**Task goal**
Every line from the one with "Casa Rural Sierra Tórtola 1 - Foto 47" through the final line of the data below goes in the answer, copied exactly. Pictures do not.

**Provided entries**
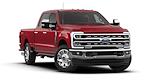 2026 Ford F-250 Crew Cab 4WD Pickup for sale #GC16912 - photo 4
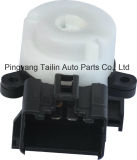 Ignition Switch Head for Toyota Avensis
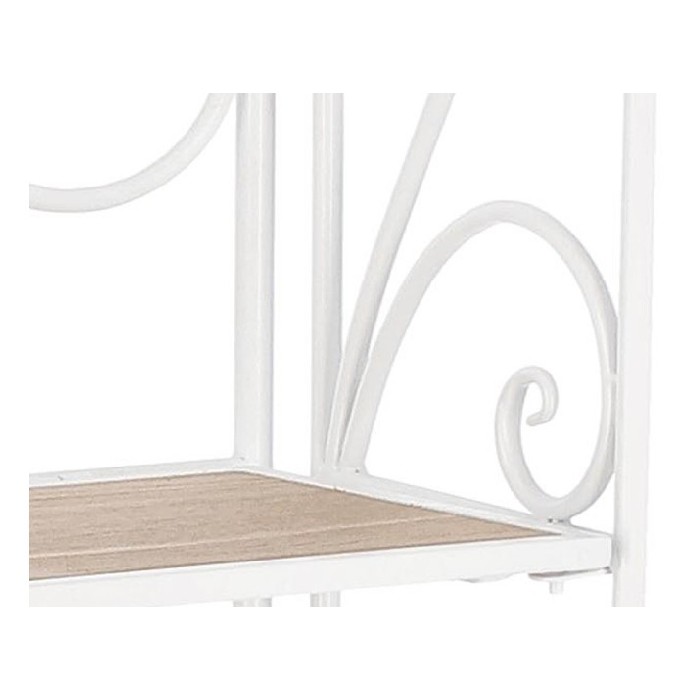 gardening/pots-planters-troughs/guenda-3shelve-white-h127cm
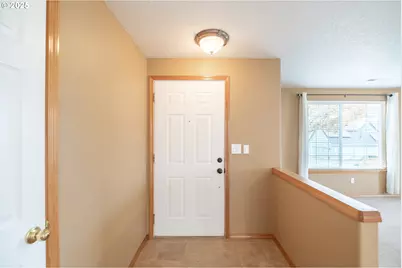 3419 N Knoll Dr, Newberg, OR 97132 - Photo 4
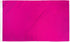 Magenta Solid Color 2x3ft DuraFlag - Flags Importer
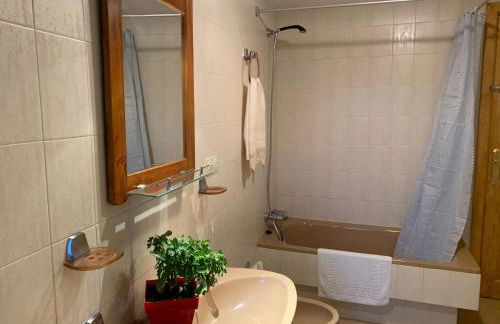 Casa Rural Sierra Tórtola 1 - Foto 47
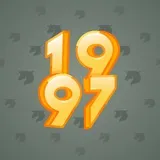 Big Year #25764 Big Year #25764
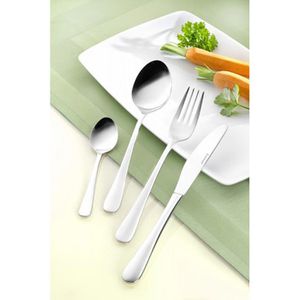 Produktbild für Kaffeelöffel Esmeyer Sylvia 156-120, 13 cm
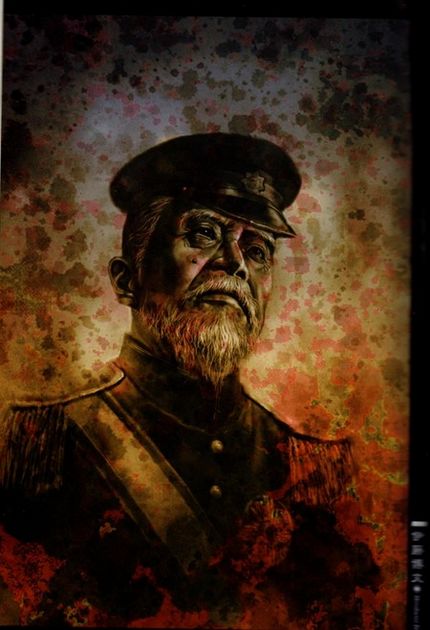 福彩3d预测分析彩吧论坛精选列表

**The completed task**
 Casa Rural Sierra Tórtola 1 - Foto 47
 Big Year #25764 Big Year #25764
 Produktbild für Kaffeelöffel Esmeyer Sylvia 156-120, 13 cm
 福彩3d预测分析彩吧论坛精选列表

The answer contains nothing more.